Si les pages de Wikipédia sont de qualité, les guerres entre les auteurscontributeurs sont légions et publiques. Pour les découvrir, il suffit de cliquer sur l’onglet «discussion» et se plonger dans les arcanes de Wikipédia, là où s’écharpent libéraux et gauchistes, partisans et opposants au nucléaire, pro-palestiniens et pro-israéliens. «Les débats entre contributeurs sont parfois tendus, admet Fanny Schertzer. Quand deux auteurs ne sont pas d’accord, cela devrait se régler, en théorie, par une discussion qui aboutit à un consensus. En pratique, cela ne se passe pas toujours comme ça: c’est souvent le plus patient qui gagne.»

La guerre de l’endive

Religion, frontières et guerres se révèlent, sans surprise, un champ propice aux conflits. Mais les débats concernent également des sujets plus anecdotiques, comme celui qui oppose les partisans du mot endive à ceux qui lui préfèrent la dénomination chicon. «Les discussions sont parfois passionnantes, parfois fatigantes, souffle Frédéric Schütz. Pour éviter que les sujets très débattus ne fassent l’objet de modifications incessantes, certains contributeurs peuvent être bloqués s’ils refusent toute discussion. De plus, certains articles sont semiprotégés, c’est-à-dire qu’ils ne peuvent être modifiés que par des contributeurs actifs depuis au moins quatre jours. Cela permet d’éliminer les personnes qui réagissent sur un coup de tête comme on peut le faire sur un forum.»

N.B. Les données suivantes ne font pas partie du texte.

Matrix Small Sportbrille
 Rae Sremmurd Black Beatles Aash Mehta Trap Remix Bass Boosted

Entre les différents camps qui s’opposent, Wikipédia joue la neutralité. «Nous exposons tous les points de vue», affirme Frédéric Schütz. Un système qui n’est pas sans défaut: «Les idées minoritaires peuvent être surreprésentées par rapport aux thèses dominantes», constate-t-il. Par exemple, les climato-sceptiques occupent un espace trop important au regard du rapport de force réel qui oppose les scientifiques entre eux.

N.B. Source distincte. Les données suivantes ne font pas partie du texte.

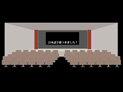 映画館イメージ 映画館イメージ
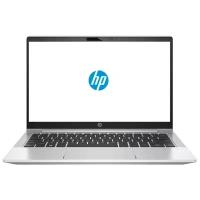 Ноутбук НP ProBook 430 G8 Core i3-1115G4 3.0GHz, 13.3 FHD (1920x1080) AG 8GB DDR4 (1), 256GB SSD, 45Wh LL, FPR, 1.3kg, Silver, DOS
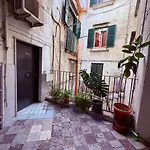 Hébergement de vacances Casa Concettina *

Autre écueil, les entreprises et personnes qui profitent de l’encyclopédie participative pour se faire de la publicité. «Cela ne pose aucun problème que les gens interviennent sur leur propre fiche, mais ils doivent rester neutres, dit Rémi Mathis. J’ai eu récemment le cas d’un romancier ordinaire qui chantait ses louanges sur sa page. Comme il était incapable de faire la différence entre publicité et faits, sa fiche a été supprimée. En revanche, les entreprises ont compris que les contributeurs n’aimaient pas la publicité. Elles participent assez peu à Wikipédia.» Selon une étude du cabinet italien Lundquist publiée en 2010, les sociétés suisses se montrent particulièrement réfractaires vis-à-vis de ce nouvel outil de communication. «Nous aimerions que les entreprises, tout en restant neutres, participent davantage à leur fiches, notamment pour corriger les chiffres, commente Rémi Mathis. Apple, par exemple, le fait très bien.» A l’inverse, le groupe suisse Geberit, acteur majeur des installations sanitaires, ne possède pas même de page en anglais.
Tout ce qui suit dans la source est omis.